__About this exercise__.
What follows is a set of entries. Repeat them exactly, but not their pictures.

******

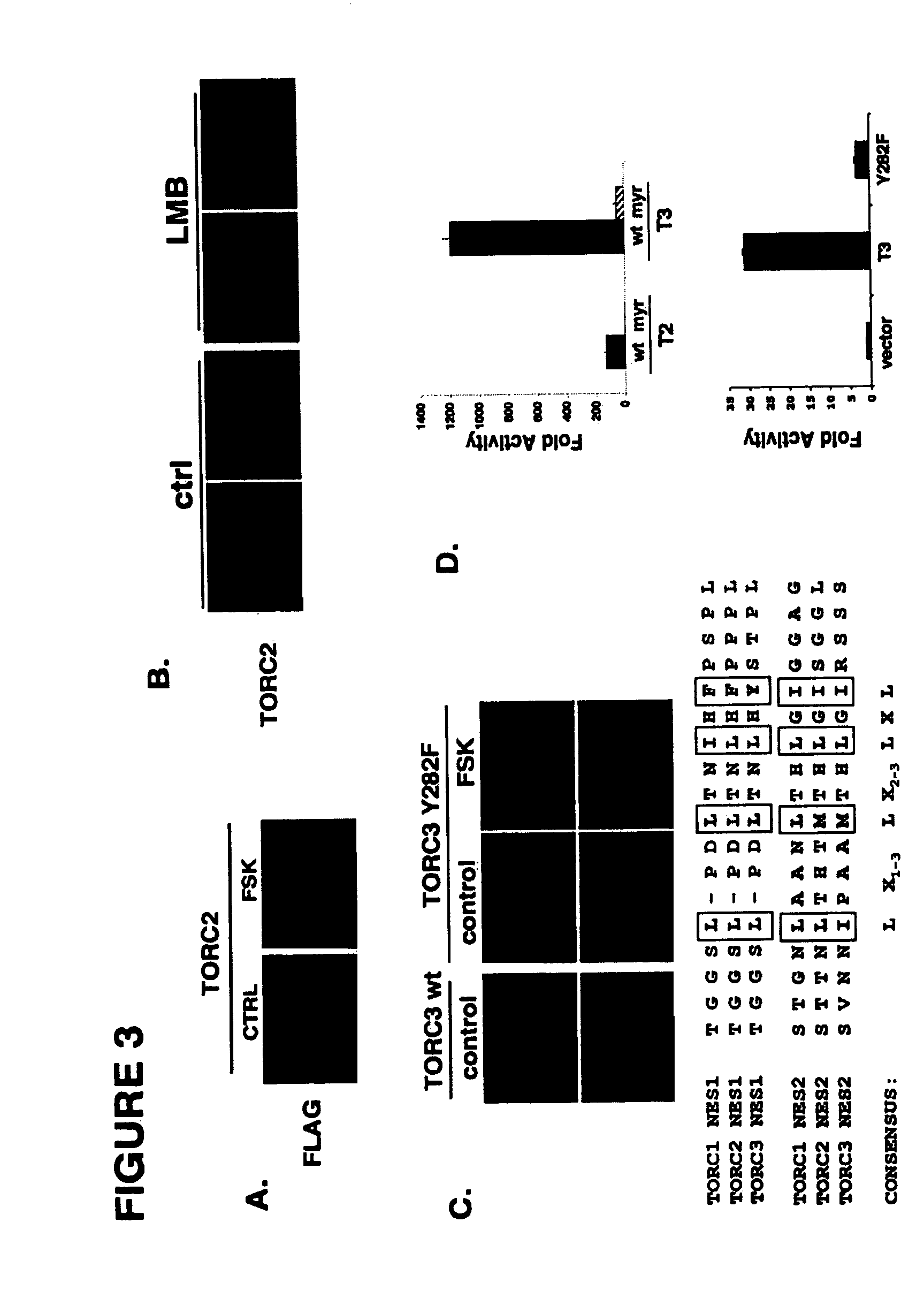 Method for screening compounds for those that modulate transducers of regulated CREB activity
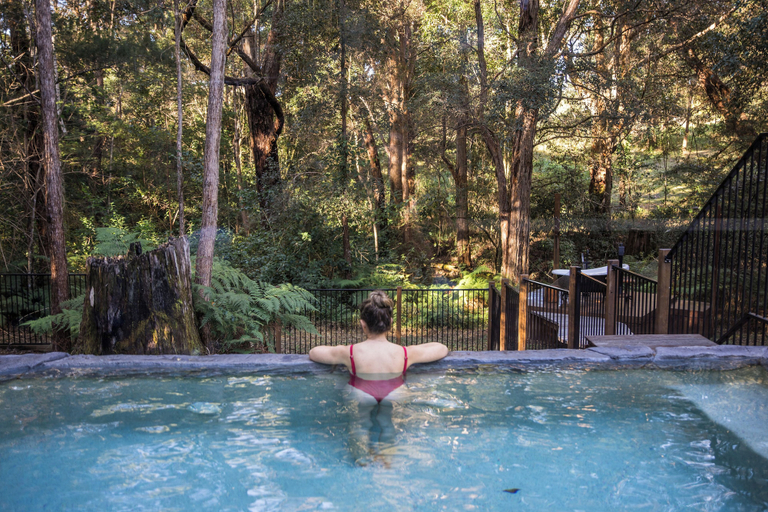 Sport & Beauty 3, Kanimbia Cottages, Maroochy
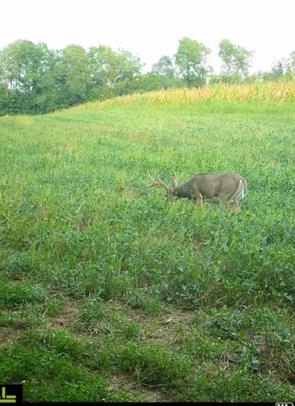 32974 Potter Lane Muscoda, WI 53573 - Photo 46 of 85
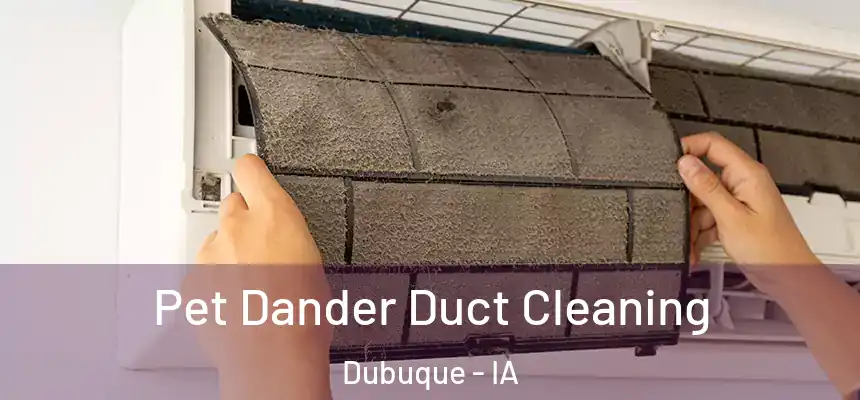  Pet Dander Duct Cleaning Dubuque - IA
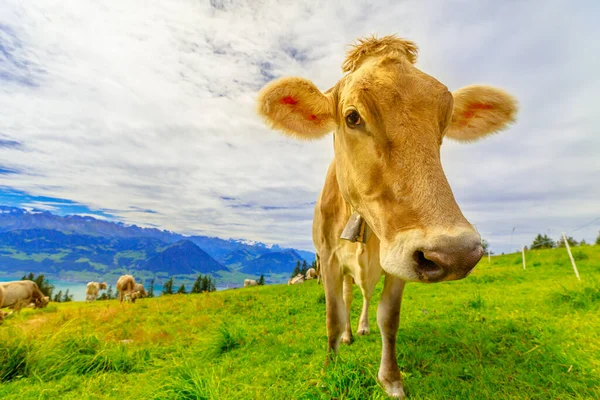 Cow in Mount Rigi — Stock Photo, Image
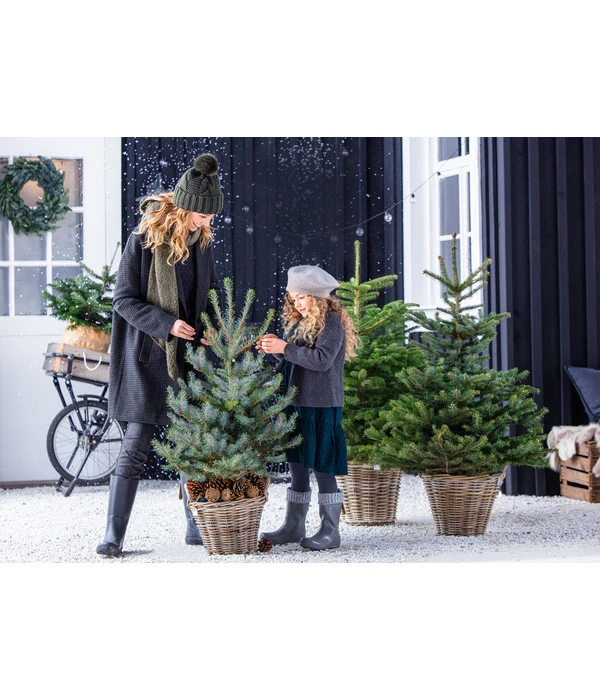 Van Der Leeden Rattan-Korb Mit Henkeln, Rund, Grau-braun – Bild 2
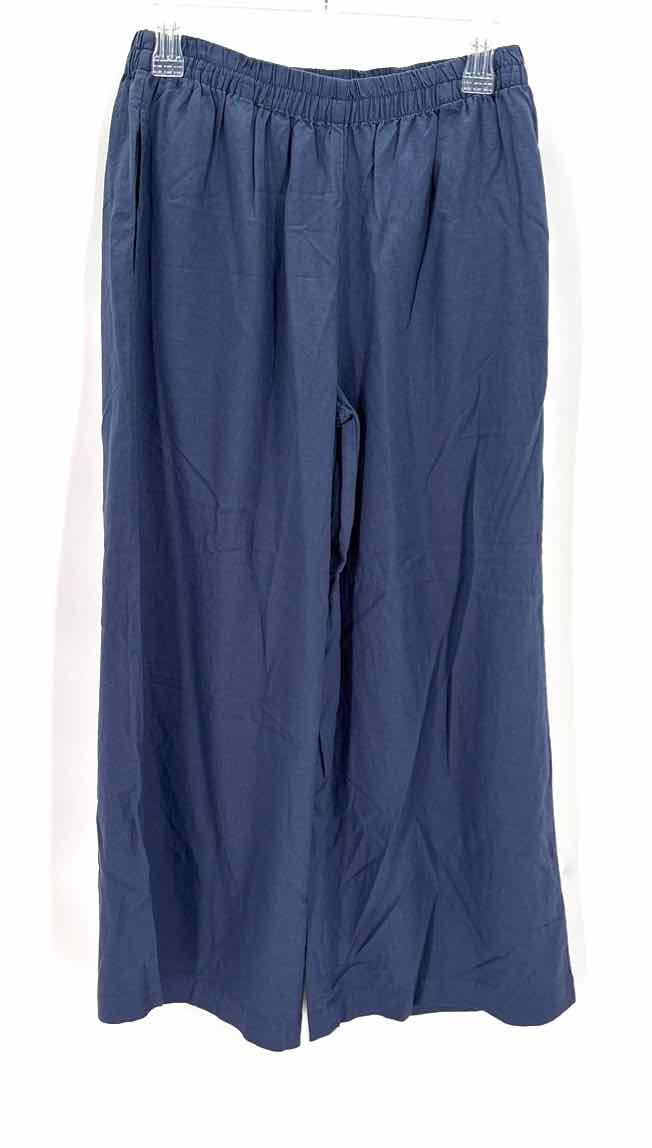 Size M Z SUPPLY Blue Pants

******

__Answer for this exercise__.
 Method for screening compounds for those that modulate transducers of regulated CREB activity
 Sport & Beauty 3, Kanimbia Cottages, Maroochy
 32974 Potter Lane Muscoda, WI 53573 - Photo 46 of 85
  Pet Dander Duct Cleaning Dubuque - IA
 Cow in Mount Rigi — Stock Photo, Image
 Van Der Leeden Rattan-Korb Mit Henkeln, Rund, Grau-braun – Bild 2
 Size M Z SUPPLY Blue Pants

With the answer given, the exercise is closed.